To sum up what was said above:

  1. Independent trails have been repeated
  2. We want to know the number of trials required to get the first success
  3. The first student who got the karate training
  4. And lastly, the probability of success is constant

We can hence, say:

P = 0.3 (30%)

We want the probability of randomly selected 6 students thus we will write:

P(X\quad =\quad 6)\quad =\quad { (1\quad -\quad 0.3) }^{ 5 }(0.3)

Note: We want the first 5 students to not have received the karate training and the 6 to have.

Thus, calculating the above equation we get:

P(X\quad =\quad 6)\quad =\quad { (1\quad -\quad 0.3) }^{ 5 }(0.3)

\approx \quad 0.0504  (when rounded off)

We can thus conclude the answer by saying;

The probability that the 6th person that was chosen randomly was the first student to have received the karate training is 0.0504.

b) Find the mean, variance and the standard deviation of the example above.

Solution:

We will use the formulas required to find the three of them.

For mean:

\mu \quad =\quad \frac { 1 }{ p } \quad =\quad \frac { 1 }{ 0.3 } \quad =\quad 3.3

For the variance:

{ \sigma }^{ 2 }\quad =\quad \frac { 1\quad -\quad 0.3 }{ { 0.3 }^{ 2 } } \quad =\quad 7.7

Lastly, for the standard deviation:

\sigma \quad =\quad \sqrt { 7.7 } \quad =\quad 2.79

c) What is the probability that the first student trained in karate occurs on or before the 3rd person was sampled.

Solution:

Now, we need to find the probability that the random variable X is less than equal to 3.

We will write this as:

P(X\quad \le \quad 3)\quad =\quad P(X\quad =\quad 1)\quad +\quad P(X\quad =\quad 2)\quad +\quad P(X\quad =\quad 3)

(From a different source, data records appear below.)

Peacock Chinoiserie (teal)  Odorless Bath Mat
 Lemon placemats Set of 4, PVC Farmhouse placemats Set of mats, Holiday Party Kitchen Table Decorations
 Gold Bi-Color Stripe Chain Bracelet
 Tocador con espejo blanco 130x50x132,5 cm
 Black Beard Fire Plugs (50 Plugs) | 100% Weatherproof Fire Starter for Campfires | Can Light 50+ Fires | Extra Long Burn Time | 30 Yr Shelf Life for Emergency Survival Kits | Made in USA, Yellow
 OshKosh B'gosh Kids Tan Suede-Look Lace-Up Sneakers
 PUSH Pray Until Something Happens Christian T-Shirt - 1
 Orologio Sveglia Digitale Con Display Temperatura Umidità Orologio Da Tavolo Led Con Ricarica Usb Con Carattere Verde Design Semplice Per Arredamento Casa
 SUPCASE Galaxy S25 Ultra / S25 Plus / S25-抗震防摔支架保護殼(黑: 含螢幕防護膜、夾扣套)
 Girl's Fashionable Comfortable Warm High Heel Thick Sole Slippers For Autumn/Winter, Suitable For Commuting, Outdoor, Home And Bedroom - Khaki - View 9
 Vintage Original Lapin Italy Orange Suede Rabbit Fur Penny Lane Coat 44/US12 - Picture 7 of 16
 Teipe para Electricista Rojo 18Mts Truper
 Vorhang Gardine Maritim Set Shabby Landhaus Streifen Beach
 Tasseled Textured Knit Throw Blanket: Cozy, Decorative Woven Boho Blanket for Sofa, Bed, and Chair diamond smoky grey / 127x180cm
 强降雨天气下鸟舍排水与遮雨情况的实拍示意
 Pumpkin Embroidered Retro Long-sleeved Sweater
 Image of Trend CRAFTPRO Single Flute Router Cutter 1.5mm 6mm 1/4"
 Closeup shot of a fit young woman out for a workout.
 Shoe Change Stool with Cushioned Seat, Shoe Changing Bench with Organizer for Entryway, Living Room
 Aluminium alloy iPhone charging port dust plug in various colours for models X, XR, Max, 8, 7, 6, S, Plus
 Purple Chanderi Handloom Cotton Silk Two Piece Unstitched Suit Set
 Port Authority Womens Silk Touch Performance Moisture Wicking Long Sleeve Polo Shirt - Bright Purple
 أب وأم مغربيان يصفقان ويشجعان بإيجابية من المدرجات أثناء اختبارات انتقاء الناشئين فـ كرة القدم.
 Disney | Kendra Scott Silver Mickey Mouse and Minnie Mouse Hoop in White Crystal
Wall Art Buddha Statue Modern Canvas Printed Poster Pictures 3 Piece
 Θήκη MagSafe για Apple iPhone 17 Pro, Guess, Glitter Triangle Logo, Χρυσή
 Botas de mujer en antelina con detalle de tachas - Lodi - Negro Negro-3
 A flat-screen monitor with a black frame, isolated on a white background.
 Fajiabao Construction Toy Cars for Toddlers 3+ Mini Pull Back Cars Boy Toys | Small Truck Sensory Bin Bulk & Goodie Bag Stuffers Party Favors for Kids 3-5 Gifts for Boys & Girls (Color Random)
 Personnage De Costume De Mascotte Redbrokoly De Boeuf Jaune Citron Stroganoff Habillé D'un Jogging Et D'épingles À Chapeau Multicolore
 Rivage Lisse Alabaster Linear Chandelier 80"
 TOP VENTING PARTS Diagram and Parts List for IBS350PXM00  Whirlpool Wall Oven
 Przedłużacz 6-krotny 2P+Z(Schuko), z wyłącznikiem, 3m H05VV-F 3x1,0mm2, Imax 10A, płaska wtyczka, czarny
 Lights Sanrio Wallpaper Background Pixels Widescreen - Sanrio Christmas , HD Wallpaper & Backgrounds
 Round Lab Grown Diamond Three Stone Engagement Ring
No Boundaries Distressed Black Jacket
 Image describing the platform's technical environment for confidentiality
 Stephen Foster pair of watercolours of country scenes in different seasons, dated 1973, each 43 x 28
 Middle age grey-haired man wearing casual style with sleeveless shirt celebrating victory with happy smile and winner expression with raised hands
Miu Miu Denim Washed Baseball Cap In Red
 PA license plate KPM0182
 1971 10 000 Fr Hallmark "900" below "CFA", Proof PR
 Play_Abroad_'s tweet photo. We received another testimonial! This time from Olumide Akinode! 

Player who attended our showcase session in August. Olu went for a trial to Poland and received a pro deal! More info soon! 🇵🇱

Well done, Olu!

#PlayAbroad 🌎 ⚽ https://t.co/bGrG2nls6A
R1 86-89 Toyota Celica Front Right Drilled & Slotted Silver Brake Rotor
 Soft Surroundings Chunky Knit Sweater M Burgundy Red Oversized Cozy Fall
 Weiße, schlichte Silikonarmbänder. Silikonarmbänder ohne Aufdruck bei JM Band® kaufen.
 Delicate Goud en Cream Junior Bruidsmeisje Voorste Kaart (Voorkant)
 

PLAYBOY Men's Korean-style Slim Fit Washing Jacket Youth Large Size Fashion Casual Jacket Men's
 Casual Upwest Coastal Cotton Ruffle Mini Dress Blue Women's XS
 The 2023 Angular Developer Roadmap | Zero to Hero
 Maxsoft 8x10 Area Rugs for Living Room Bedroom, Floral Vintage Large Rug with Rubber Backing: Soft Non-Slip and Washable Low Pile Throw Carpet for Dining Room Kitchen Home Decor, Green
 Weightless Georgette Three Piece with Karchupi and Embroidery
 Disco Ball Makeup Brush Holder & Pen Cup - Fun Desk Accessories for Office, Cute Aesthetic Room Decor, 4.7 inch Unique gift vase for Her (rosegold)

Using, this formula, we can say:

{ (1\quad -\quad p) }^{ x-1 }p

P(X\quad \le \quad 3)\quad =\quad { (0.7) }^{ 1-0 }(0.3)\quad +\quad { (0.7) }^{ 2-1 }(0.3)\quad +\quad { (0.7) }^{ 3-1 }(0.3)

= 0.657

In a nutshell, we can say that the probability that the first student trained in karate occurs on or before the 3rd person was sampled is 0.657.